You can also list the cache objects created in a table by the following command:
simics> list-objects class = simple_cache -all
┌──────────────┬──────────────────────────┐
│ Class │ Object │
├──────────────┼──────────────────────────┤
│<simple_cache>│board.mb.cpu0.cache[0].l1d│
│<simple_cache>│board.mb.cpu0.cache[0].l1i│
│<simple_cache>│board.mb.cpu0.cache[0].l2 │
│<simple_cache>│board.mb.cpu0.l3 │
└──────────────┴──────────────────────────┘
There is also a command, <simple_cache_tool>.list-caches
, to list the caches connected to a specific simple_cache_tool
. For example:
simics> cachetool.list-caches
┌─────┬──────────────────────────┬────┬────┬─────────┬──────────┐
│Row #│ Cache Object │Sets│Ways│Line Size│Total Size│
├─────┼──────────────────────────┼────┼────┼─────────┼──────────┤
│ 1│board.mb.cpu0.cache[0].l1d│ 64│ 12│ 64│ 48.00 kiB│
│ 2│board.mb.cpu0.cache[0].l1i│ 64│ 8│ 64│ 32.00 kiB│
│ 3│board.mb.cpu0.cache[0].l2 │1024│ 20│ 64│ 1.25 MiB│
│ 4│board.mb.cpu0.l3 │4096│ 12│ 64│ 3.00 MiB│
└─────┴──────────────────────────┴────┴────┴─────────┴──────────┘
Here some size properties of the caches is also displayed.
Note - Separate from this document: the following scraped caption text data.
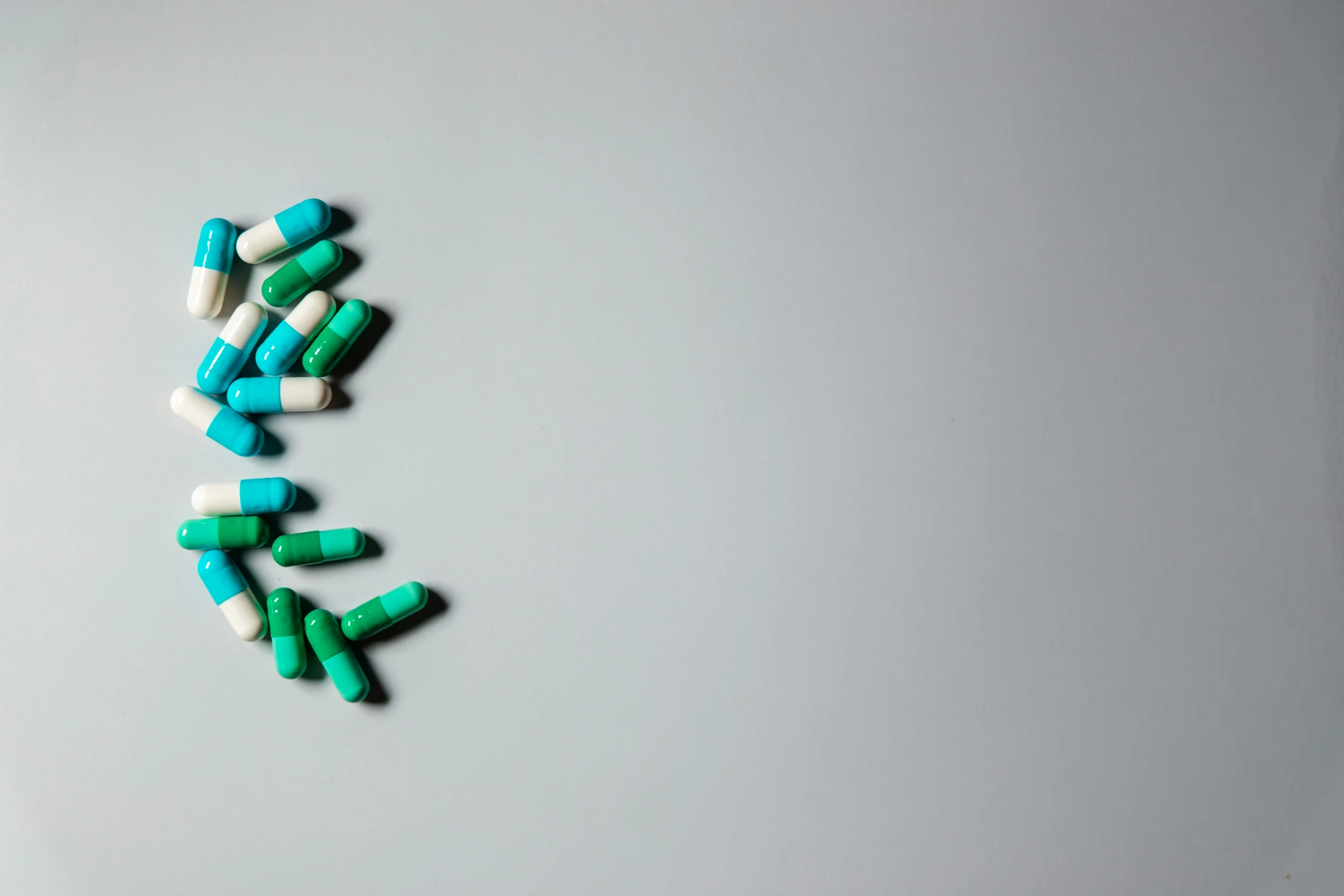 green and white pills on a table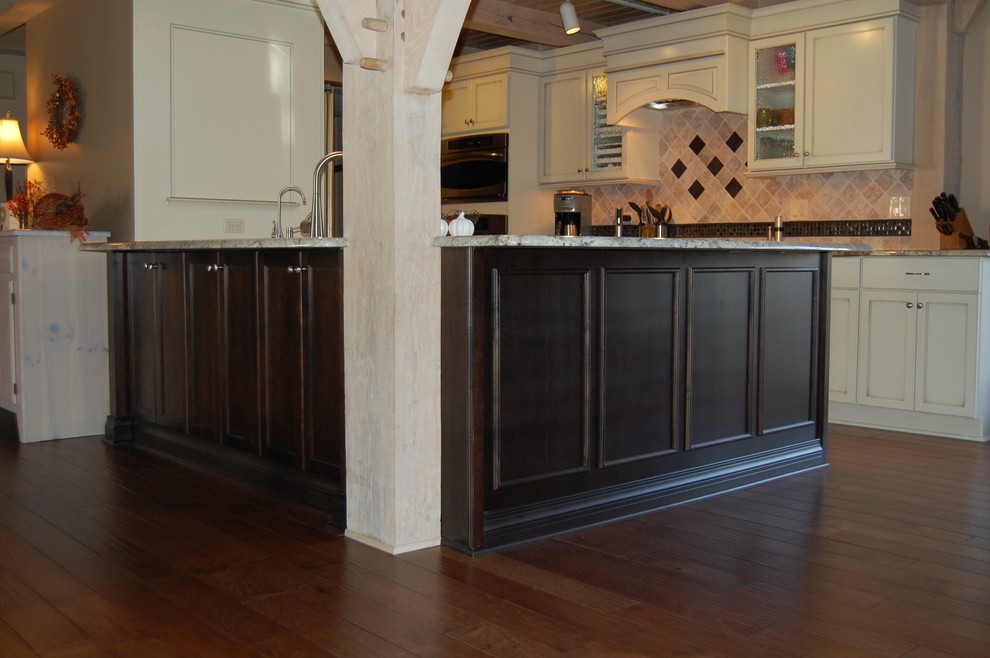 Example of a mid-sized transitional u-shaped medium tone wood floor open concept kitchen design in Chicago with an undermount sink, flat-panel cabinets, dark wood cabinets, granite countertops, beige backsplash, stone tile backsplash, stainless steel appliances and a peninsula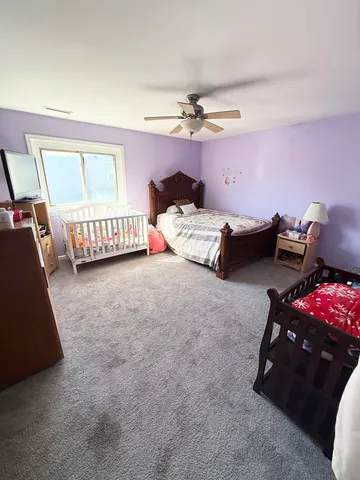 a bedroom with furniture and a window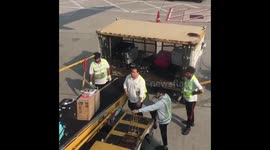 Hong Kong airport handlers caught throwing luggage onto trolley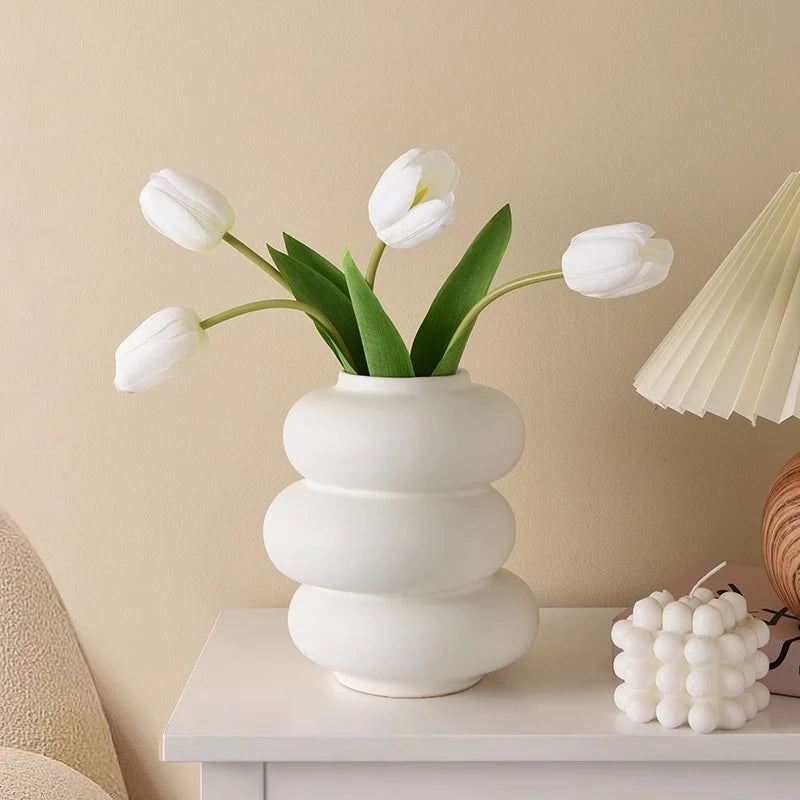 A modern white plastic decorative vase with green leaves holds white tulips on a white table.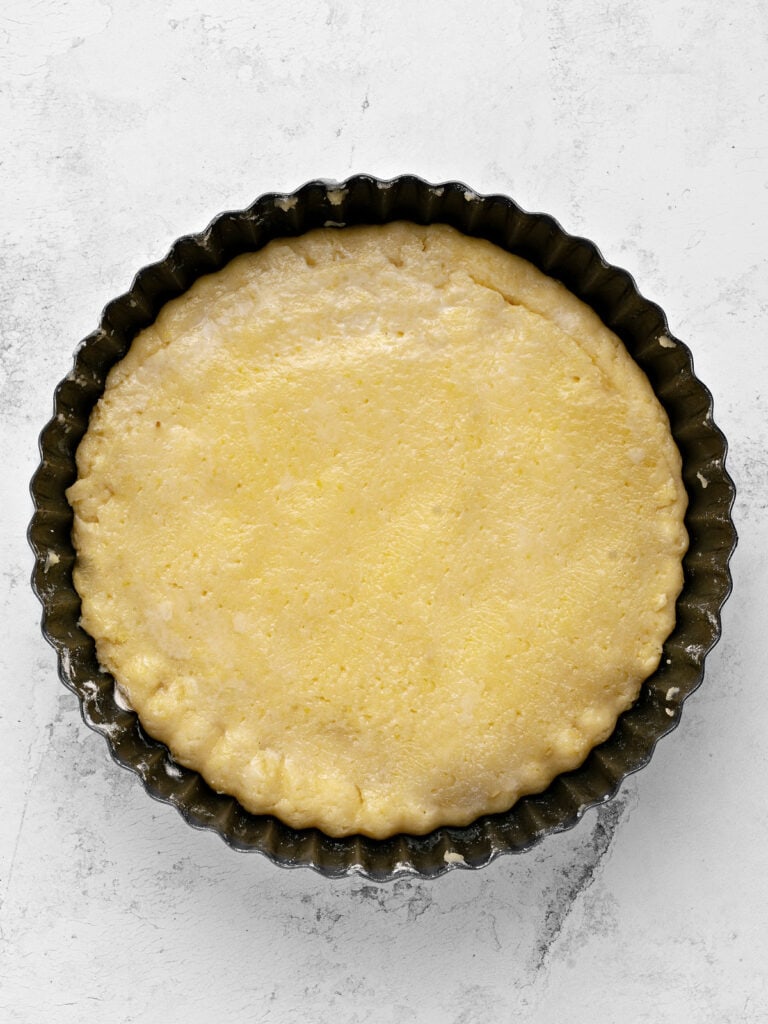 Dark pan with double crust pie before baking. Light gray background, top view.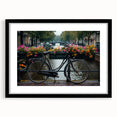 Abstract art print featuring a colorful, textured depiction of bicycles on a large black-framed canvas.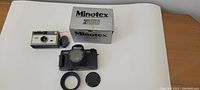 Photo of the Minotex 2000 camera with box and accessories (lens cap and ring) on table, showing front and top details.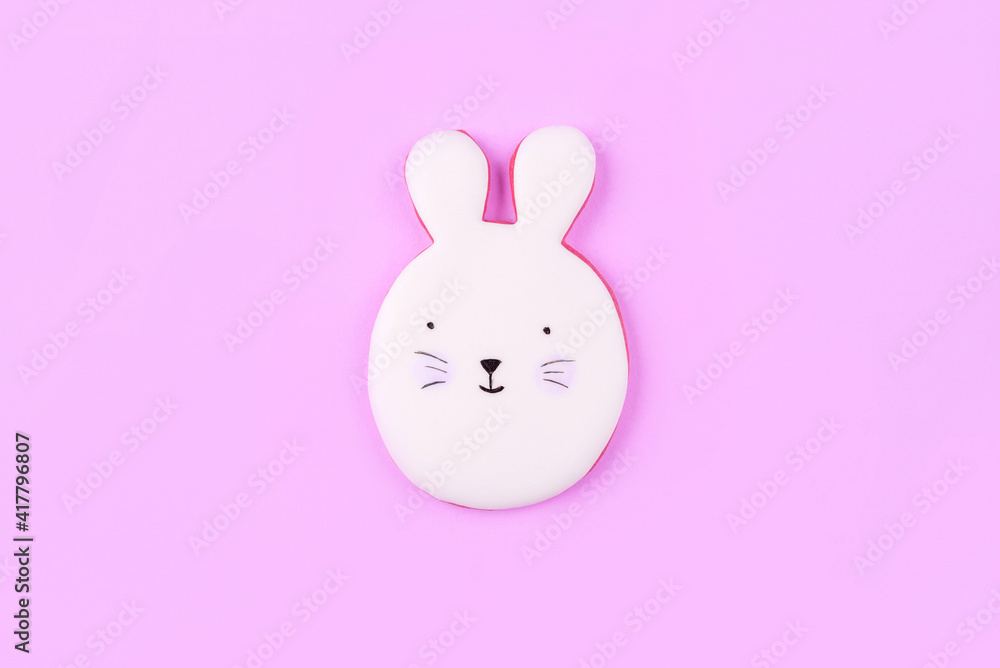 Fototapeta premium Easter bunny cookies on lilac background. Spring holiday.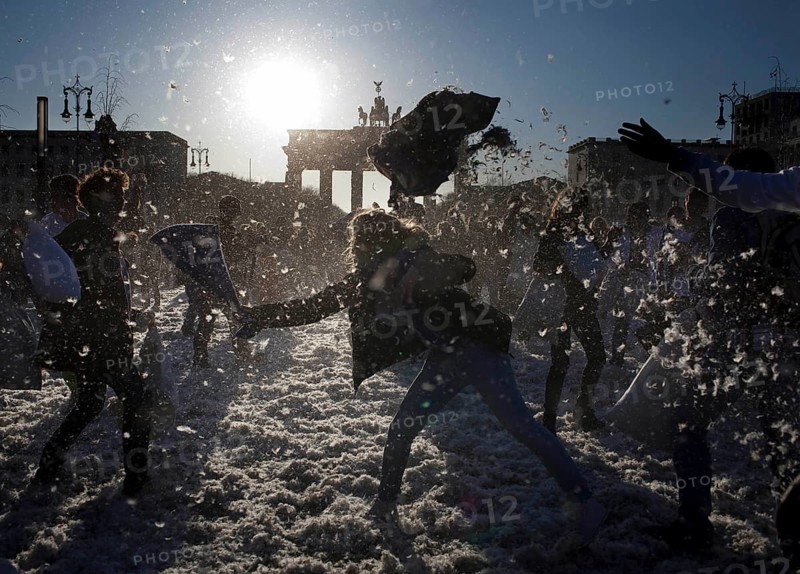 DEU Berlin It rains feathers during a pillow fight involving several hundred people at the Brandenburg Gate. Germany Berlin A flashmob battle with old pillows at Brandenburg Gate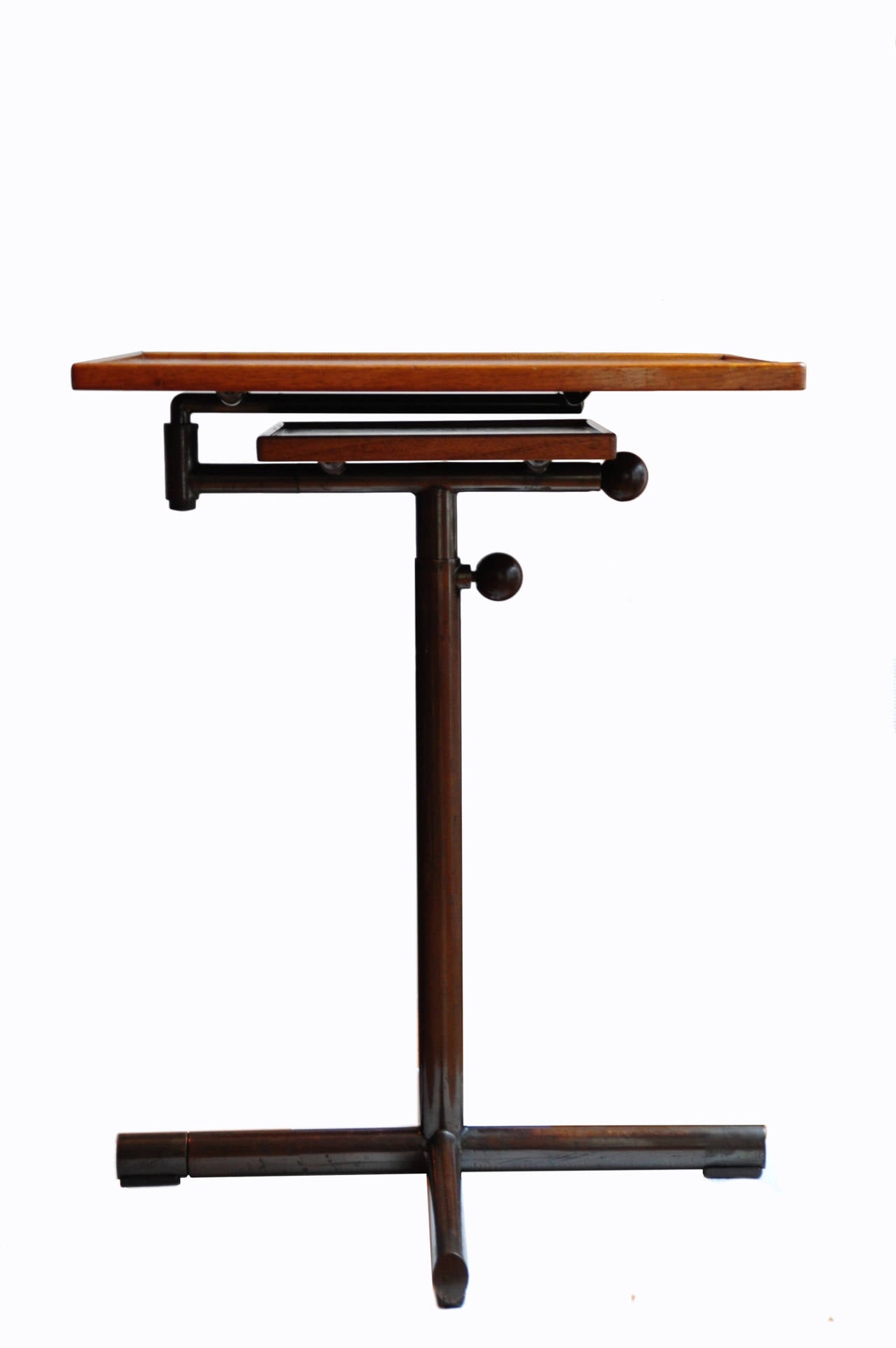 Functional and immensely practical pair of tables by Embru, Switzerland, 1940s edition. The tables look great in any modern interior and works equally as bedside or end tables. The copper plated steel structure is in excellent condition, see detail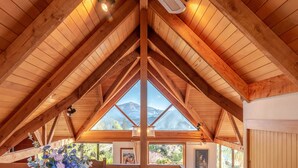 A wooden interior with a high ceiling and a large window overlooking mountains. - Pointers - Akaroa Holiday Home (Akaroa)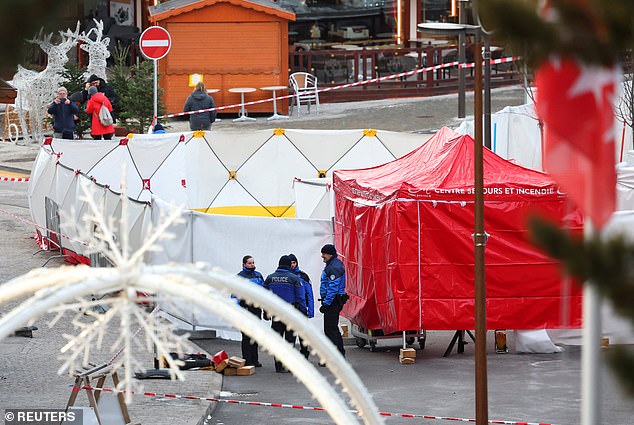 Police stand by tents outstide Le Constellation bar the day after the fire ripped through it, killing 47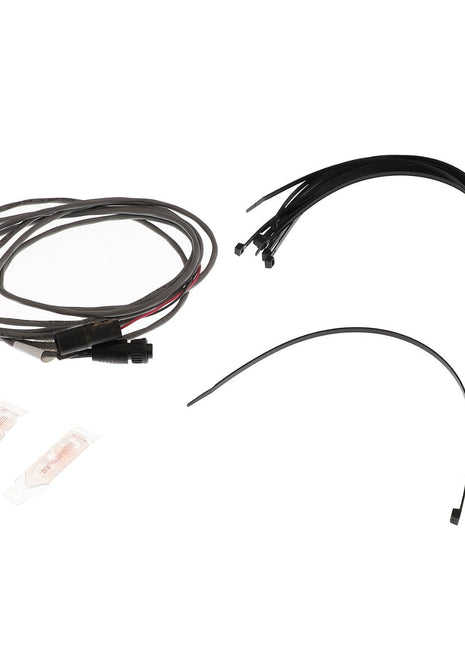 A collection of AGCO cables and wires (model AG610624) with connectors, alongside two small packets containing clear liquid.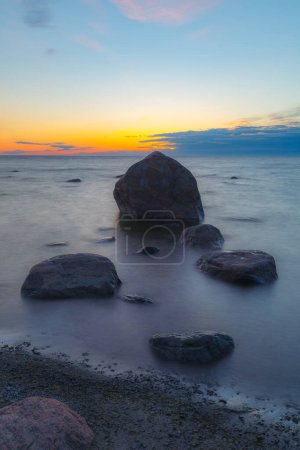 Heure bleue après le coucher du soleil sur la mer Baltique rocheuse coût. Petites pierres et gros rochers dans la mer. Photo longue exposition.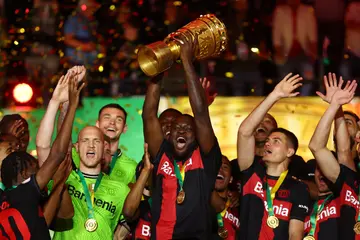 Victor Boniface lifted the DFB-Pokal Trophy after Bayer 04 Leverkusen's victory over 1. FC Kaiserslautern in final at Olympiastadion on May 25, 2024. Photo: Lars Baron.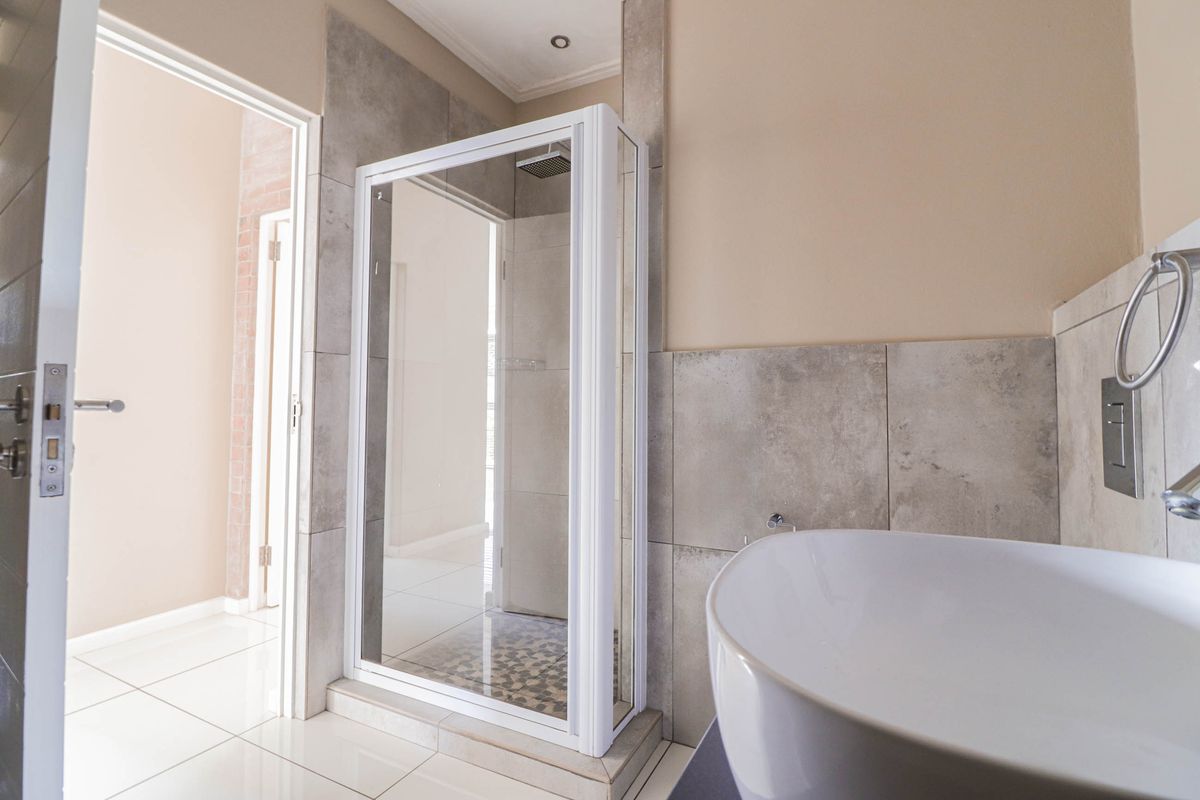 Modern bathroom featuring a glass-enclosed shower, large format wall tiles, and a contemporary vessel sink.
All the configuration parameters to the <simple_cache>
.add-{l1d,l1i,l2,l3}-cache commands are listed here:
line-size
the cache line size, default 64 (bytes).sets
the number of cache sets, i.e., number of indices.ways
sets the cache associativity, i.e., the total number of cache lines will be sets * ways, default number of ways is 1.-write-through
if the cache should be a write through cache, i.e., all writes will be passed through to the next level (even cache hits). Default is not to write through.-no-write-allocate
if the cache should not allocate lines upon a cache write miss. If no write allocate the cache will write through on write misses. Default is to do write allocate, by first reading the cache line.read-penalty
sets the time in cycle it takes to read from the cache.read-miss-penalty
sets the time in cycles it takes to miss in the cache. So for a miss both the read penalty and read miss penalty will be added. Usually this is only set for the last cache to set the time it takes to reach memory.write-penalty
sets the time in cycle it takes to write to the cache.write-miss-penalty
sets the time in cycle it takes to write and miss in the cache. So for a miss both the write penalty and write miss penalty will be added. Usually this is only set for the last cache to set the time it takes to reach memory.prefetch-additional
sets how many consecutive cache lines to fetch additionally to the one that missed.-prefetch-adjacent
means that the cache will, on a miss, prefetch the adjacent cache line as well, so the total fetch region is cache line size times 2, naturally aligned.-ip-read-prefetcher
adds an instruction pointer stride prefetcher for reads-ip-write-prefetcher
adds an instruction pointer stride prefetcher for writes-no-issue
this is a special flag for the add-l1i-cache command which prevents the CPU to do any instruction fetch accesses to the instruction cache. This is useful if the instruction cache should be called from another tool, such as a branch predictor tool that drives the instructions cache. If not set, the instruction cache will be called for each new cache block that the CPU fetches.The penalties from above is only relevant if you add the cycle staller object.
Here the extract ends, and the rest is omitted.